Exercise goal
Write out again only the lines that run from the start of the entries to the line containing "Rápido!) - Foto 3", both included.

---- Records for the exercise

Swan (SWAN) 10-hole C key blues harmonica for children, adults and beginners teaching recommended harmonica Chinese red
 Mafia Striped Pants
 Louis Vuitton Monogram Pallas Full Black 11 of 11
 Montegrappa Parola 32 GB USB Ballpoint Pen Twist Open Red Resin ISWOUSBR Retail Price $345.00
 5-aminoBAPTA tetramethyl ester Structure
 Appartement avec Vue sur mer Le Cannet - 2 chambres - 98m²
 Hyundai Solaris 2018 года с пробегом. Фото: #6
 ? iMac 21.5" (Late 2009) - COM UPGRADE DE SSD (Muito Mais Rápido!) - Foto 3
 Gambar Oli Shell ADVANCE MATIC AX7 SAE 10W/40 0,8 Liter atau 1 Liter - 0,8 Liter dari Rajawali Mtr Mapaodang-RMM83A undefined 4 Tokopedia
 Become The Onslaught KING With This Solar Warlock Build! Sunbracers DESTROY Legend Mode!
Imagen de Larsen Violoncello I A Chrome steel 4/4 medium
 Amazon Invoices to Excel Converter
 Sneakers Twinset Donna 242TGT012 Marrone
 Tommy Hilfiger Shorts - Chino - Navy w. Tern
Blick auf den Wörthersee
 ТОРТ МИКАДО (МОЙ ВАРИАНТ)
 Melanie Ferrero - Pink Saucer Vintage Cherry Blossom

--------

Task output
Swan (SWAN) 10-hole C key blues harmonica for children, adults and beginners teaching recommended harmonica Chinese red
 Mafia Striped Pants
 Louis Vuitton Monogram Pallas Full Black 11 of 11
 Montegrappa Parola 32 GB USB Ballpoint Pen Twist Open Red Resin ISWOUSBR Retail Price $345.00
 5-aminoBAPTA tetramethyl ester Structure
 Appartement avec Vue sur mer Le Cannet - 2 chambres - 98m²
 Hyundai Solaris 2018 года с пробегом. Фото: #6
 ? iMac 21.5" (Late 2009) - COM UPGRADE DE SSD (Muito Mais Rápido!) - Foto 3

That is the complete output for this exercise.